→ Assignment: The response should consist of every line below, restated exactly, with no pictures.

→ Dataset content:

+++

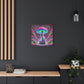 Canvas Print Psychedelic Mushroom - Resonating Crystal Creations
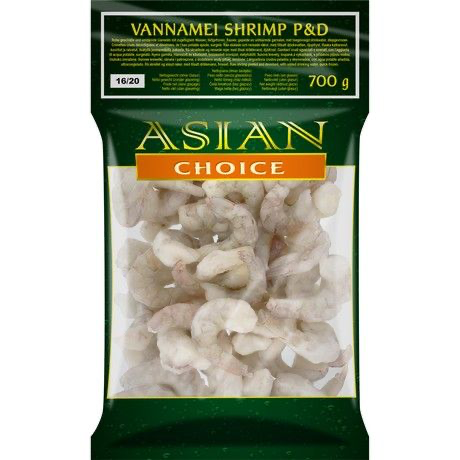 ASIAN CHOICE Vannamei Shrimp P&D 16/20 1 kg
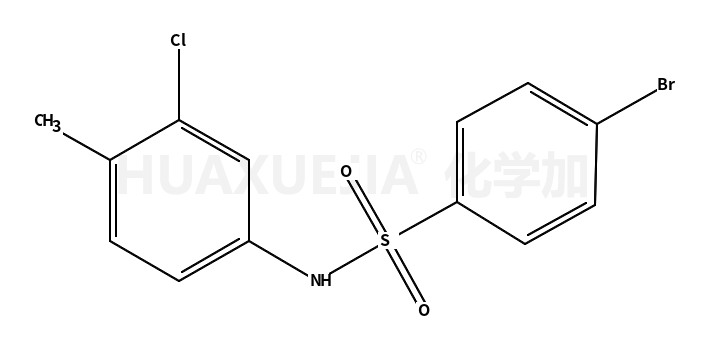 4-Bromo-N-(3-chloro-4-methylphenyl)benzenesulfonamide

+++

→ Expected output:
 Canvas Print Psychedelic Mushroom - Resonating Crystal Creations
 ASIAN CHOICE Vannamei Shrimp P&D 16/20 1 kg
 4-Bromo-N-(3-chloro-4-methylphenyl)benzenesulfonamide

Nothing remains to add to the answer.